Big Data Lessons from Microsoft “how-old” Experiment

Salil Mehta examines Microsoft’s viral “How old do I look?” site, the limits of its age recognition, possible algorithms, and implications for Big Data analysis.

In the age of “big data”, technology companies are positioning themselves to allow humans to more easily answer previously “inextricable” problems with interesting techniques.  And while there have been some silent successes -where advanced techniques have been largely embedded into organizations without fanfare- there have also been too many recent high-profile failures where companies sloppily lumber forward and collapse over their own laces.  Examples are from the academically gifted teams behind Google’s Flu Trends, facebook’s secret experiment, Apple’s map software23andMe’s genetics business, and Kensho’s Santa Claus rally call.  Maybe we should add Microsoft’s HowOldRobot onto this naughty list.  Their playful tool was enjoyed all over the world this month, but does it indeed create a better guess as to your age?  Here we seek to mathematically answer at what point should we reward only truly unique advancements and not what any probabilist can discern as a highly-profitable private data yield for the sake of an immature, random number generator.

Somewhat aware of this point, their product claims to just know “how old do I look?” from one’s face, instead of something more relevant, which is “how old am I?”  Clearly they haven’t a clue about the latter- and to be fair it is a nearly impossible task that few of us would rationally claim we can do.  Assuredly we also assume most people collectively look how old they actually are.  Else -for example- if all babies suddenly looked like senior citizens (think of the fabled Benjamin Button), then people would quickly adjust their perception of what a baby looks like (newborns simply would have the current “senior citizen” age look) and that appearance would then become what everyone associates back to a baby’s age instead (so we really shouldn’t have babies look the age of a “senior citizen”.)  The idea of not knowing one’s age, but instead guessing at how old they look, is filled with relevant follies, as we will soon see with actual output.

To begin, let’s see what the application looks like.  Contributing a snapshot of myself for science, one can see this application’s output in the upper-left of the four images below.  This is the best all of the “advanced” machine learning at Microsoft’s Bing could throw out there.  Their guess is wrong by more than a decade.  Or nearly a quarter of reality!  It’s as bad as if James Franco used the tool to defend his selection of an underage girl for goofing around: “well officer, she looks 21.”  Guesses like this, given any critical contexts, are simply well off the mark.

We’ll return to the other three pictures above, after first discussing some mathematical theory.  An important thing to here state is there are ways to link the work done by HowOldRobot to some quantitative understanding of the uncertainty behind these guesses.  Microsoft would have been better off providing us with the confidence interval range behind these, but such a crucial data would have been awful transparency for their own marketing!  Still, we can use probability theory to understand that at the core of this application they are seeking only a small number of relevant clues about the individual (sure they may claim to analyze dozens of attributes all at once as if this is some sort of fishing expedition, but the large explanations are in only a handful of pre-determined dimensions).  Despite all of the information exposed through a face, the science comes down to thinking about a straight image -in many cases- and what might be the gender or race of the individual.  It would also glean from the image properties, the random selection of colors and granularity provided to it -and combined with facial changes over time- provide an overall guess on age.  Such judgments would process -say- that a celebrated centenarian will be more wrinkled versus a baby.

For the face bone itself, the modification of this over time also interacts and varies as a function of age and gender.  Examining the differences in bone shape -and perhaps some of the more subtle connections within it- provides some information then to guess on the gender and age, and in particular where exactly to partition the data between young and old across genders.  See these well documented science articles that have been around, for details on these numbers: here, and here.

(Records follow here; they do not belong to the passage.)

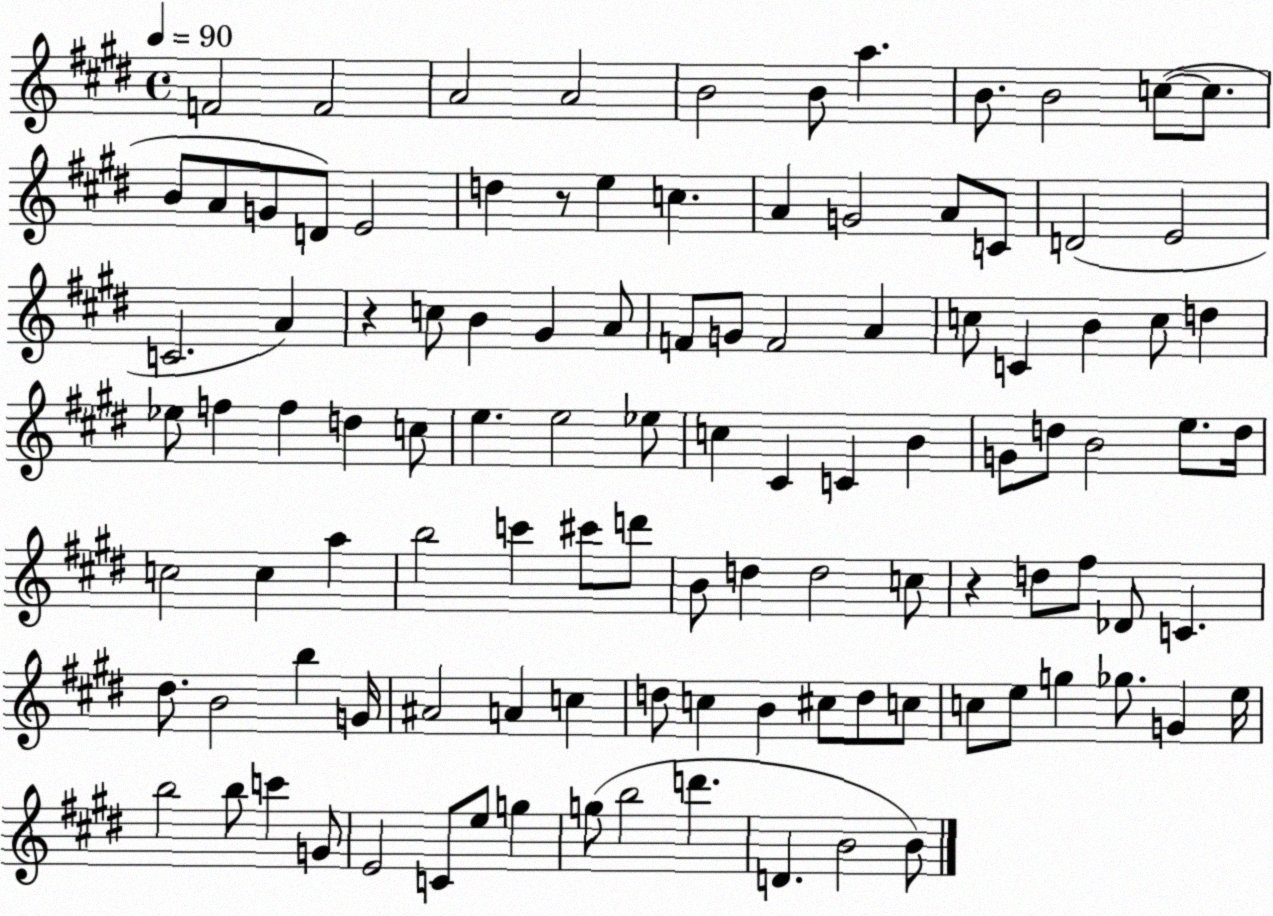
X:1
T:Untitled
M:4/4
L:1/4
K:E
F2 F2 A2 A2 B2 B/2 a B/2 B2 c/2 c/2 B/2 A/2 G/2 D/2 E2 d z/2 e c A G2 A/2 C/2 D2 E2 C2 A z c/2 B ^G A/2 F/2 G/2 F2 A c/2 C B c/2 d _e/2 f f d c/2 e e2 _e/2 c ^C C B G/2 d/2 B2 e/2 d/4 c2 c a b2 c' ^c'/2 d'/2 B/2 d d2 c/2 z d/2 ^f/2 _D/2 C ^d/2 B2 b G/4 ^A2 A c d/2 c B ^c/2 d/2 c/2 c/2 e/2 g _g/2 G e/4 b2 b/2 c' G/2 E2 C/2 e/2 g g/2 b2 d' D B2 B/2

To try to understand whether the large errors on the self-portraits shown above are either good or bad, we should ask the logical question of what sort of estimate range would a blind monkey, throwing a dart at a conditional age distribution, come up with?  It turns out the monkey would be far closer, and so this is the standard by which technology companies should appreciate that we invariably measure the gravity of such a product launch.  We can stress now that these machined products may appear as charming toys today, somehow more advanced than traditional calculators they have previously relied on.  But these products have the quick potential to later leap into important life-and-death decision engines.  For example they could be used to pilot automated, drone-launched missile decisions, or driverless vehicles, or used to peruse a crowded street for a potential criminal.  Accuracy and precision have to matter, and so do understanding the egregiousness of errors when they occur.

Empirically this sort of probability problem concerning life age, can’t be theoretically solved in closed form.  The life tables that invariably drive this behind the scenes employ census information and are similar to a summation of actuarial tables.  Hence we must use logical information about the representative population of internet users and their likely photographed cohorts, which Microsoft is making age guesses for.  See our Tesla warrants article here for information on the difficulty in modeling customized actuary functions, even though it is certainly possible at times and under proper guidance.